También Jesús nos llama a ser luz del mundo, es decir, a vivir de tal manera que nuestra conducta ilumine a otros orientándolos sobre lo que es correcto. Hay tantas cosas malas que se hacen “en lo oscurito”, en lo escondido. En cambio, lo bueno no debe presumirse, aunque tampoco debe esconderse, ya que es muy conveniente que propongamos a los niños y jóvenes los muchos ejemplos de personas honradas y buenas, que a lo mejor nadie ha tomado en cuenta en los libros de historia, pero que son verdaderos héroes. Las vidas luminosas las encontramos en nuestras familias, y desde luego, en la Iglesia, no sólo en los santos canonizados. Hay que poner en alto todos los buenos ejemplos.

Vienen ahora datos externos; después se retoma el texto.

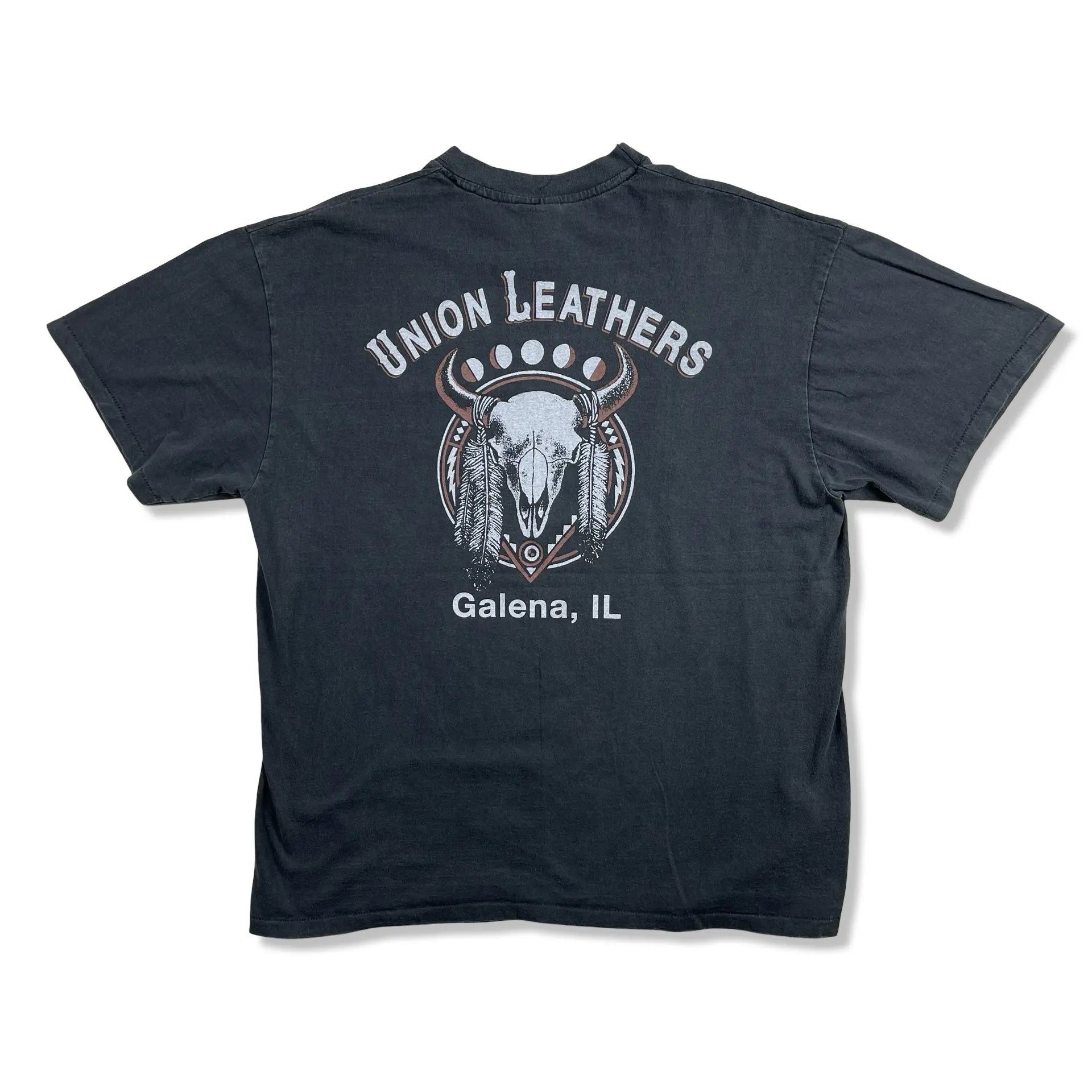 PRINTED T-SHIRT HARLEY-DAVIDSON - XL BELYBENT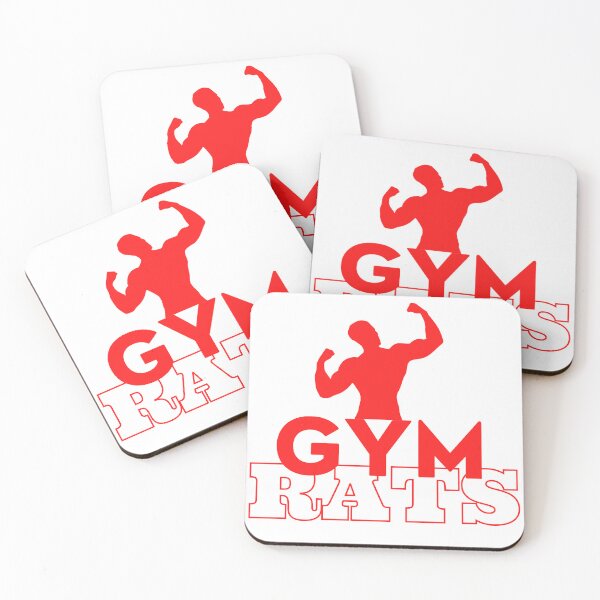 Item preview, Gym Rats designed and sold by Remigiusz Wiśniewski.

Pasando a la segunda lectura, tomada de la Primera Carta a los Corintios, san Pablo da testimonio de lo nervioso que estaba al llegar a predicarle a esa comunidad, porque ellos conocían la elocuencia y sabiduría de sus grandes filósofos y hombres ilustres. De todos modos, san Pablo no quiso competir contra aquellos sabios, sino que se propuso predicar el Evangelio “por medio del Espíritu y el poder de Dios” (1Cor, 2, 4) y no por medio de la sabiduría humana. Tengamos mucho cuidado de que todo lo que hemos leído o estudiado no se nos vaya a subir a la cabeza, porque nada hay más sabio que el contenido del Evangelio, así como las buenas enseñanzas de nuestros padres y demás antepasados.
En este día damos comienzo en Yucatán a la tradicional Semana de la Familia que este año lleva por título: “Reconstruir la Familia para Construir la Paz”. La institución familiar ha sido dañada de múltiples maneras en los últimos tiempos. Los niños que crecen en ambientes familiares violentos, así como los que sufren el abandono de uno de sus progenitores o de ambos, tienen grandes posibilidades de que al crecer no les importe reproducir la violencia en contra de cualquier persona. Hay mucho qué hacer por las familias. Definimos que reconstruir las familias dañadas por la violencia y por las ideologías de moda, ayuda mucho a construir la paz.
Pidamos a la Sagrada Familia, constituida por Jesús, María y José, por todas las familias de Yucatán. Ayudemos en cuanto podamos, a reconstruir las familias, lo cual significa construir la paz.
Que tengan todos una feliz semana. ¡Sea alabado Jesucristo!